REQUIREMENT:
Your answer should repeat the entries in full, exactly as given, with no pictures.

PROVIDED DATA:
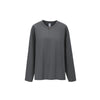 Inflation Henry Collar Basic Old Money Wind Loose Shoulder Long Sleeves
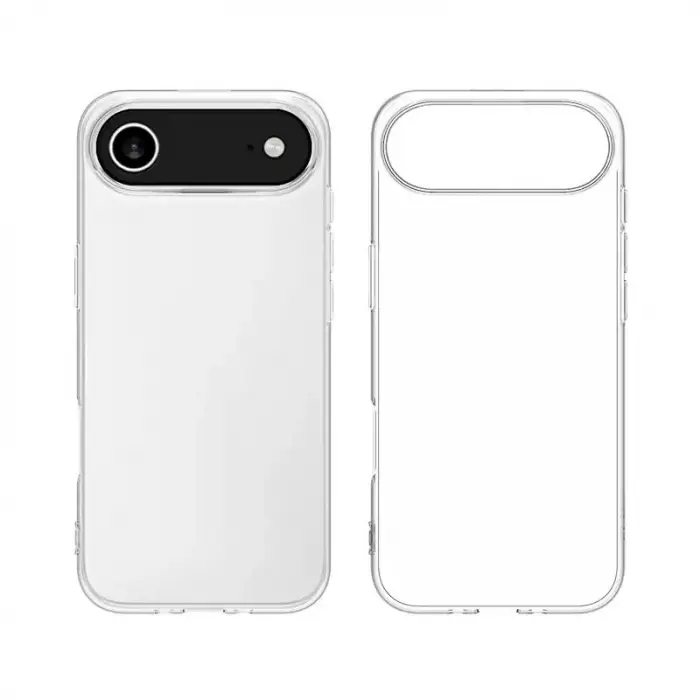 Apple iPhone 17 Air Kılıf Zore Süper Silikon Kapak
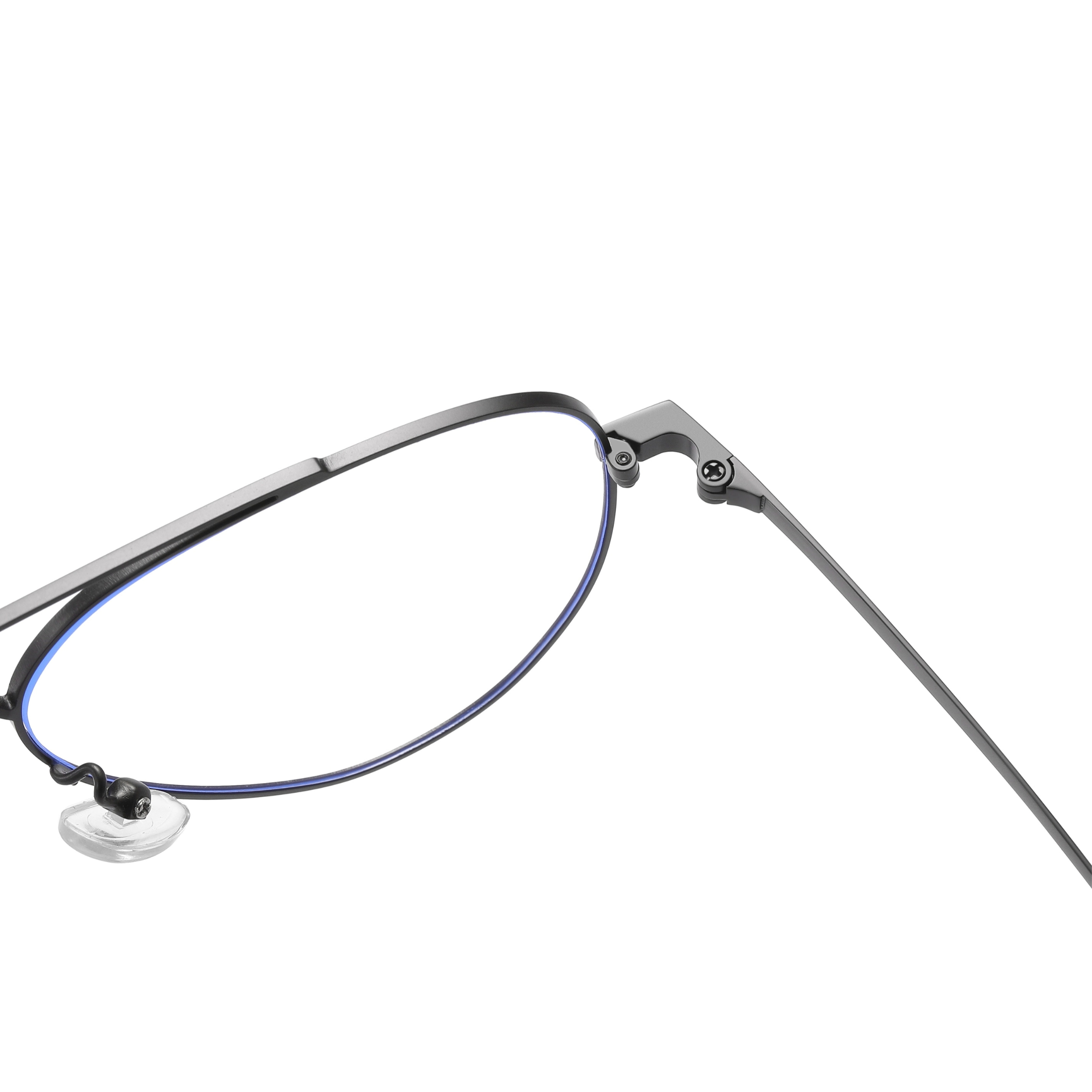 Alger-Aviator fullrim polarized magnetic prescription glasses include night vision lenses-ApexSpecs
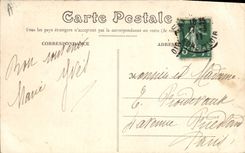 CPA Chateaudun Le Chateau facade Ouest vue du Loir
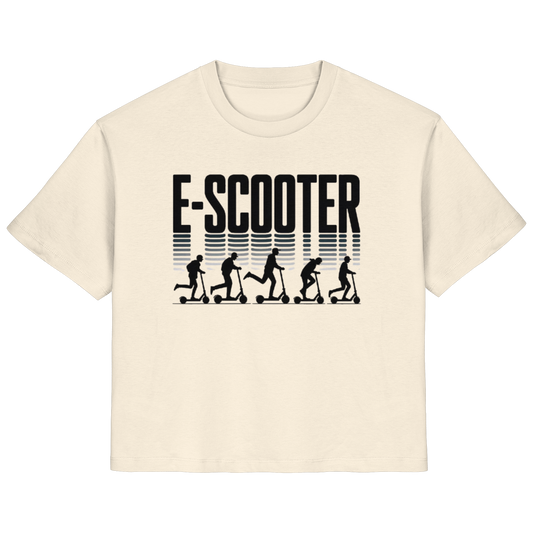 E-Scooter - Ladies Organic Shirt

REPLY TO THE TASK:
 Inflation Henry Collar Basic Old Money Wind Loose Shoulder Long Sleeves
 Apple iPhone 17 Air Kılıf Zore Süper Silikon Kapak
 Alger-Aviator fullrim polarized magnetic prescription glasses include night vision lenses-ApexSpecs
 CPA Chateaudun Le Chateau facade Ouest vue du Loir
 E-Scooter - Ladies Organic Shirt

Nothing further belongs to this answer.